▸ What needs to be done
When you retype the records that follow, keep each word as it is and drop any pictures.

Image-caption web data
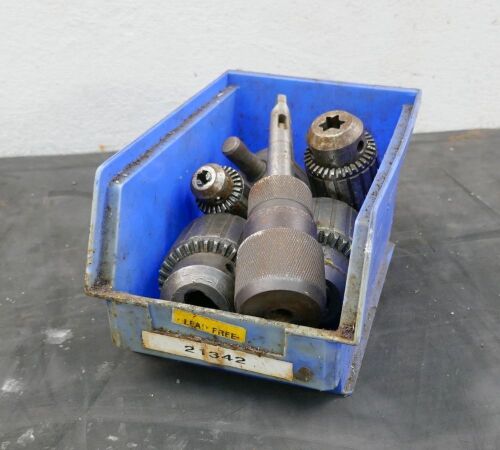Assorted Drill Chucks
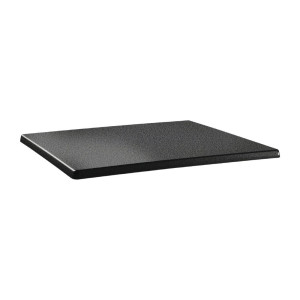 Plateau De Table Rectangulaire Classic Line Anthracite - L 1200 x P 800 mm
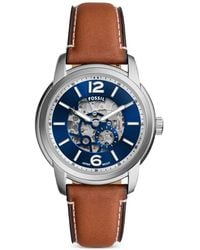 Fossil - Heritage 43Mm Watch - Lyst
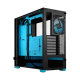 Fractal Design | Pop Air RGB | Side window | Cyan Core TG Clear Tint | ATX, mATX, Mini ITX | Power supply included No | ATX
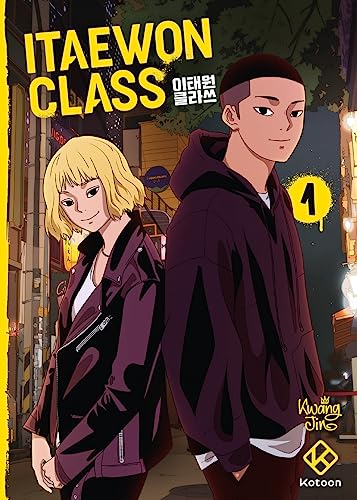 jaquette livre Itaewon Class - Tome 1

▸ Solution to this problem
Assorted Drill Chucks
 Plateau De Table Rectangulaire Classic Line Anthracite - L 1200 x P 800 mm
 Fossil - Heritage 43Mm Watch - Lyst
 Fractal Design | Pop Air RGB | Side window | Cyan Core TG Clear Tint | ATX, mATX, Mini ITX | Power supply included No | ATX
 jaquette livre Itaewon Class - Tome 1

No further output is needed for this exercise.